Ослепленные смертельной ненавистью, свирепо рыча, они падали, снова вскакивали, катились чудовищным, окровавленным клубком, который то разворачивался, то сворачивался. Яростная схватка не прекращалась ни на миг рядом с глухо шумевшим маховиком, готовым в любую минуту схватить их стальными клыками.
Но продолжалась она недолго. Малиновский одерживал верх; он с такой силой сжал Кесслера, что сломал тому ребра и грудную клетку. Кесслер из последних сил впился зубами ему в горло.
Но вот оба с диким воем одновременно вскочили на ноги, тела их сплелись и рухнули на поршни, на мелькавшие с молниеносной быстротой спицы махового колеса, которое подхватило их, затянуло, подбросило к потолку и в мгновение ока разорвало в клочья.
Среди вздрагивающих стен еще не замер крик, а они уже были мертвы. Окровавленные клочья их тел вращались вместе с колесом, отскакивали к стенам, свисали с поршней, мелькали в воздухе, а огромное чудовище продолжало крутиться с бешеной быстротой и злобно рычало, бессильное освободиться от сковывающих его пут.
* * *
В тот ненастный день из низко нависших над землей, тяжелых, свинцовых туч шел дождь со снегом, дул леденящий, пронизывающий ветер, и за гробом Малиновского следовала лишь небольшая кучка друзей и знакомых Адама.
Адам вел под руку обезумевшую от горя мать с заплаканным, опухшим от слез лицом, за ними шла чета Яскульских со старшими детьми да несколько соседок по бараку.
Они шли по мостовой за одноконными дрогами, которые подскакивали на выбоинах, разбрызгивая во все стороны черную жидкую грязь.
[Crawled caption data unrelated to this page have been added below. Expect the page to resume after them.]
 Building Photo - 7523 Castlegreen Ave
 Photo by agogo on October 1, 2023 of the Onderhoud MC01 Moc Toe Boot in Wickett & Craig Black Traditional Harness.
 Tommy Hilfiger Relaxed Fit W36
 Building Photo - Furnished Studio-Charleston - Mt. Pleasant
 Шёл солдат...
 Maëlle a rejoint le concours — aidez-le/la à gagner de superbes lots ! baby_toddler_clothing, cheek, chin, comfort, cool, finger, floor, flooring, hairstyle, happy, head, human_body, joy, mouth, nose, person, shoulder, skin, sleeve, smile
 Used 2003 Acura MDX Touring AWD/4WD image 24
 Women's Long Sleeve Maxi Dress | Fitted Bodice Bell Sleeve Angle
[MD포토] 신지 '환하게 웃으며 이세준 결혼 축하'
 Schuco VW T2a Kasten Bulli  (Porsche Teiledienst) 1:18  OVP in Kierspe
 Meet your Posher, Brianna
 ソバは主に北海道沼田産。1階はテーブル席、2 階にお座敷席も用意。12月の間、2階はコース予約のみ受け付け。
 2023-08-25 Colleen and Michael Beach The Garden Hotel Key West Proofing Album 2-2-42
Медленно подвигалась похоронная процессия по Пиотрковской улице, запруженной тяжело груженными подводами и экипажами. По тротуарам сновали толпы людей в темной, заляпанной грязью одежде, на землю, на колыхавшиеся на ветру зонтики прохожих струями стекала с крыш вода. Хлопья мокрого снега облепили с одного бока катафалк и гроб.
Блюменфельд, Шульц и остальные музыканты из их компании шагали по тротуару. Шествие замыкал Стах Вильчек с каким-то незнакомым мужчиной, с которым он без умолку толковал о своих делах.
Горн — он тоже был на похоронах — с грустью оглядывал идущих за гробом в надежде увидеть Зоську, но тщетно: никто не знал, что сталось с ней после смерти Кесслера.
За городом к похоронной процессии присоединилось десятка полтора работниц; они затянули жалобную песню; молитвенных песнопений не было, так как Малиновского хоронили без ксендза. Церковь отреклась от него, как от самоубийцы и душегуба, и может, оттого на всех лицах читалось какое-то особенно безысходно-горестное выражение.
По мере отдаления от города из проходов и закоулков стекалось все больше людей; прямо от станков, грязные, посинелые от холода присоединялись они к процессии и сомкнутыми, грозными рядами шли за гробом своего товарища.